There’s a new kind of parenthood that many women in their late 30′s and early 40′s are gravitating to—one that doesn’t involve tucking a little one in bed at night, or nursing him through a cold—but that is fulfilling nonetheless. We have found a way to be mothers without actually being parents.
In an article showing how women can be nurturing without having to push a baby out of their nether regions, where is the woman who is working with orphanages or children’s charities? Where is the woman who is concerned with her global footprint and takes time to teach a new generation about recycling or builds some new invention to reduce waste in the polluted oceans?
Better yet, where are the women who happily nurtured their careers with little or no regret for the path not taken? Are these caring qualities only apply to human beings? What about the women who nurture their partners for their lifetime, resulting in a strong bond and a relationship that fulfills every desire to love?

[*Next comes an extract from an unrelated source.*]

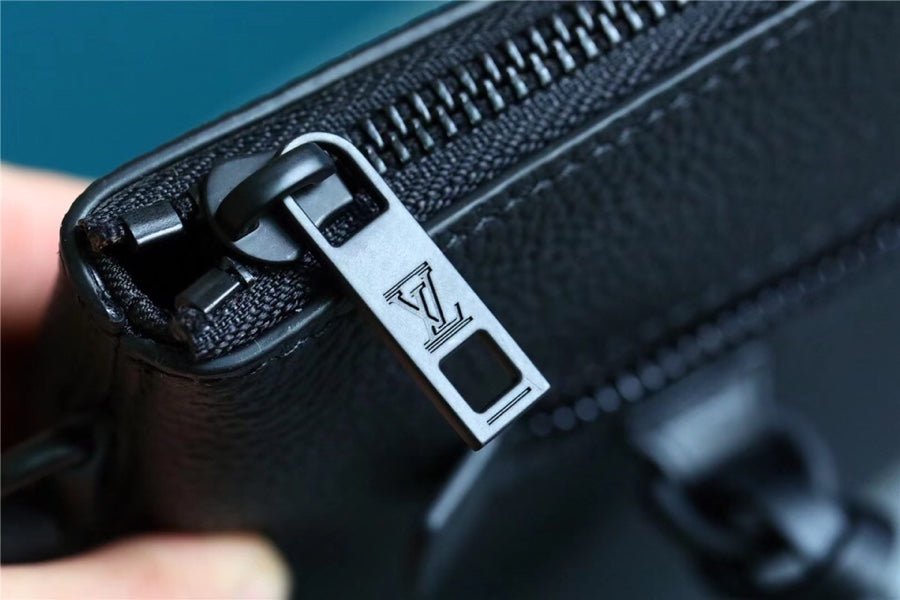 Louis Vuitton Pochette Ipad Black Aerogram For Men, Men’s Wallet 30cm LV M81029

The article makes an astute point – that one can still have “maternal instinct” without having children – but fails to explain what that means other than adopting animals and being a really great aunt — which are admirable, but incomplete portraits of the nurturing childless. Thankfully, another article by our Koa Beck nails the sentiment:
It concerns me to think that culturally, the only people we perceive as caring deeply about the development of children are mothers.
Issues regarding children, both in their safety and their development, are not those in which you need to be a parent to comprehend or to prioritize. Everyone, even the childless, should be concerned with what children see, the messages they’re sent, and what they are told to value. It’s often within our children that some of our most awful mindsets, prejudices, and preconceived notions are perpetuated, as well as our most powerful hopes for change are realized.
Not everyone wants to parent, which is a choice that should be respected for both men and women. But if we only choose to interpret compassion for children as parenthood, we seek to dismiss the interest and efforts of many who are invested in the well-being of our kids.
I would like to see a better range of these nurturing childless women — and men — featured. I know first hand that they’re out there.